Who creates ingress requests?

tre_admin or senior_checker on the target project. Researchers do NOT create ingress requests — they receive data, they don't initiate import. This differs from egress where researchers create requests.

External upload via pre-signed PUT

Ingress files come from outside the TRE. trevor generates a pre-signed PUT URL for each output object slot. The external submitter uploads directly to S3 quarantine bucket. trevor then confirms upload and computes checksum.

Flow:

Admin creates ingress request (DRAFT)
  → Admin adds object slots (filename, output_type, expected source)
  → trevor generates pre-signed PUT URL per slot
  → External party uploads file to pre-signed PUT URL
  → Admin confirms upload (trevor fetches HEAD, computes checksum)
  → Admin submits request → agent review → human review → approved
  → Workspace fetches via pre-signed GET URL (delivery)

Delivery vs Release

Egress: approved → RO-Crate assembled → release bucket → pre-signed GET for external download. Ingress: approved → files stay in quarantine bucket → pre-signed GET generated for workspace to pull from quarantine.
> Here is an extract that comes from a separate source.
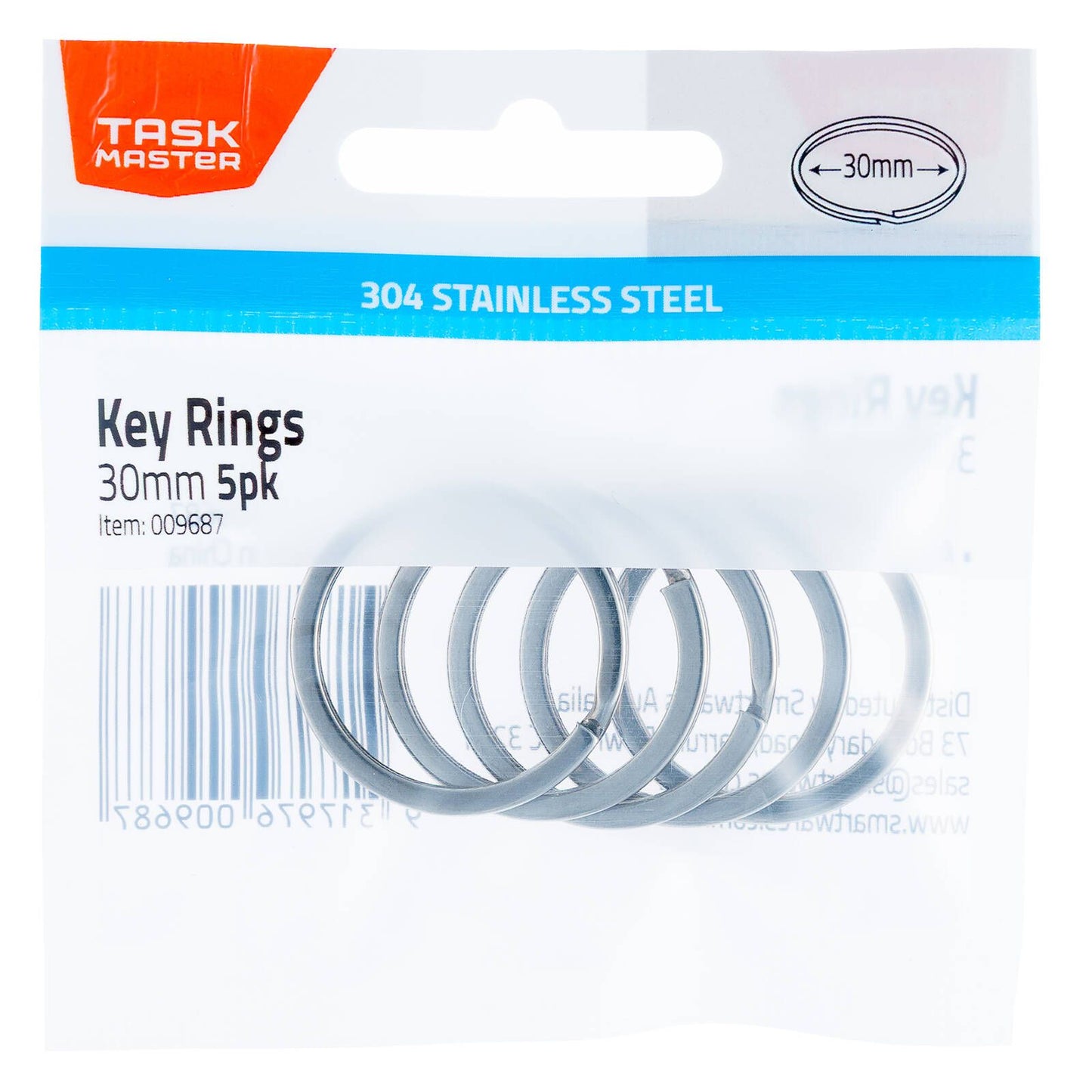 Taskmaster Key Ring - 30mm - Stainless Steel - 5 Pack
No RO-Crate for ingress (C-11 says crate assembled at RELEASED, but ingress delivery is to internal workspace, not external publication). Ingress requests transition to RELEASED after workspace acknowledges delivery.


Data model changes

New fields on OutputObject

Field Type Notes
upload_url_generated_at datetime | null When pre-signed PUT URL was generated

No persistent storage of pre-signed URLs (security: they expire, shouldn't be stored).

New model: DeliveryRecord

Field Type Notes
id UUID
request_id UUID FK
delivery_type enum workspace_pull / direct_copy (future)
delivered_at datetime
delivered_by UUID FK Admin who triggered delivery
delivery_metadata JSON {workspace_id, presigned_url_expires_at, ...}

Mirrors ReleaseRecord for egress. Both represent terminal delivery.


DB migration

-- Add nullable column to output_objects
ALTER TABLE output_objects ADD COLUMN upload_url_generated_at TIMESTAMP;

-- New table
CREATE TABLE delivery_records (
    id UUID PRIMARY KEY,
    request_id UUID NOT NULL REFERENCES airlock_requests(id),
    delivery_type VARCHAR NOT NULL DEFAULT 'workspace_pull',
    delivered_at TIMESTAMP NOT NULL,
    delivered_by UUID NOT NULL REFERENCES users(id),
    delivery_metadata JSON NOT NULL DEFAULT '{}',
    UNIQUE(request_id)
);

New API endpoints

Method Path Auth Description
POST /requests/{id}/objects/{oid}/upload-url Admin/Senior Generate pre-signed PUT URL for ingress object
POST /requests/{id}/objects/{oid}/confirm-upload Admin/Senior Confirm external upload, compute checksum
POST /requests/{id}/deliver tre_admin Generate delivery URL for workspace
GET /requests/{id}/delivery Member/Admin Get delivery record

POST /requests/{id}/objects/{oid}/upload-url

Preconditions: request is DRAFT, direction is ingress.

Response:

{
  "upload_url": "https://s3.../presigned-put?...",
  "expires_in": 3600,
  "storage_key": "project/request/object/1/uuid-filename"
}

Generates S3 pre-signed PUT URL. Sets upload_url_generated_at on object. Object must exist (created via POST /requests/{id}/objects with empty file or metadata-only).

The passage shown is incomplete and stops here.